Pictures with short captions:
# # # # #

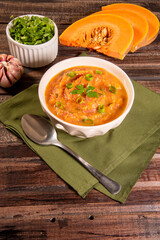 Homemade pumpkin cream, accompanied by spices. pumpkin broth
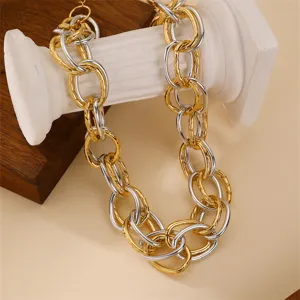Close-up detail of chunky gold and silver interlocking O-chain necklace, hip-hop style design.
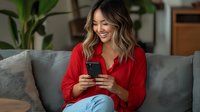 Young Asian woman in red blouse sitting on gray couch, smiling while using smartphone. Natural indoor lighting and home environment creates relaxed lifestyle scene.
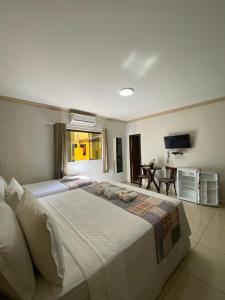 a large white bed in a bedroom with a television at Pousada Gamela do Maragogi in Maragogi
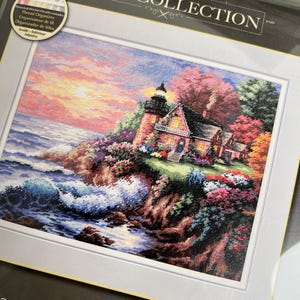 May include: A cross-stitch kit from The Gold Collection featuring a coastal scene with a lighthouse, house, and ocean waves. The image has a colorful sunset, with the text "Man of the Sea" at the bottom.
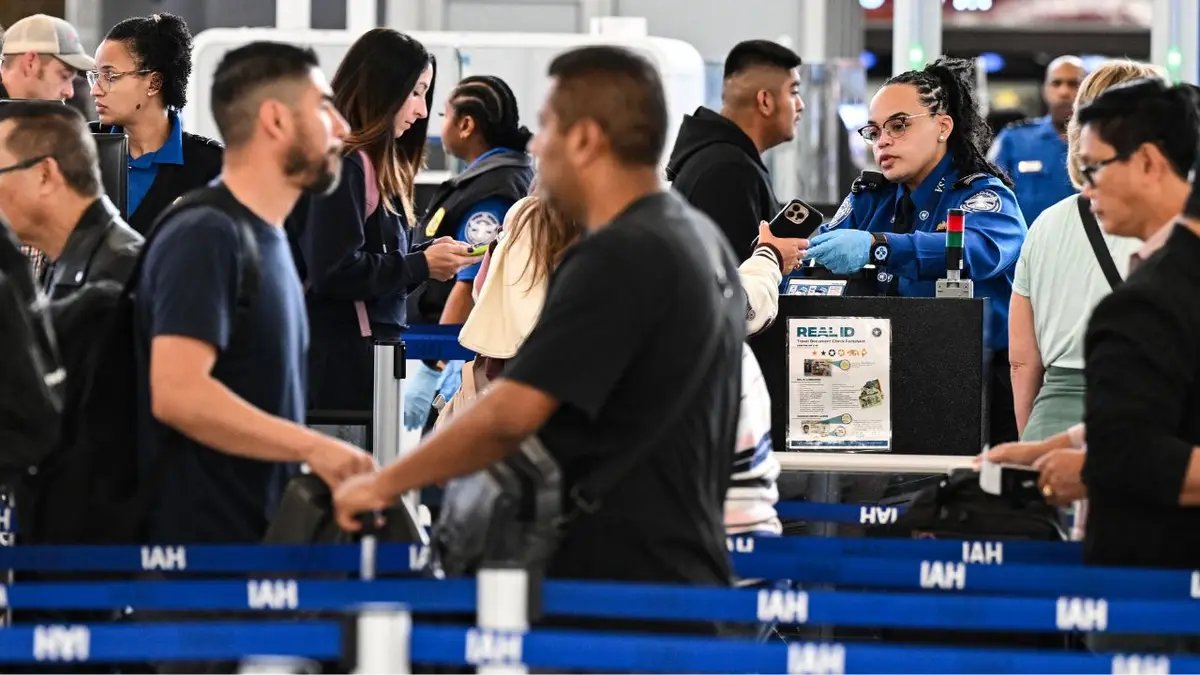 A confused traveler searching through their bag at a TSA checkpoint.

# # # # #

== Requirement ==
Write out every entry exactly. Pictures do not belong in the copy.

== Output below ==
 Homemade pumpkin cream, accompanied by spices. pumpkin broth
Close-up detail of chunky gold and silver interlocking O-chain necklace, hip-hop style design.
 Young Asian woman in red blouse sitting on gray couch, smiling while using smartphone. Natural indoor lighting and home environment creates relaxed lifestyle scene.
 a large white bed in a bedroom with a television at Pousada Gamela do Maragogi in Maragogi
 May include: A cross-stitch kit from The Gold Collection featuring a coastal scene with a lighthouse, house, and ocean waves. The image has a colorful sunset, with the text "Man of the Sea" at the bottom.
 A confused traveler searching through their bag at a TSA checkpoint.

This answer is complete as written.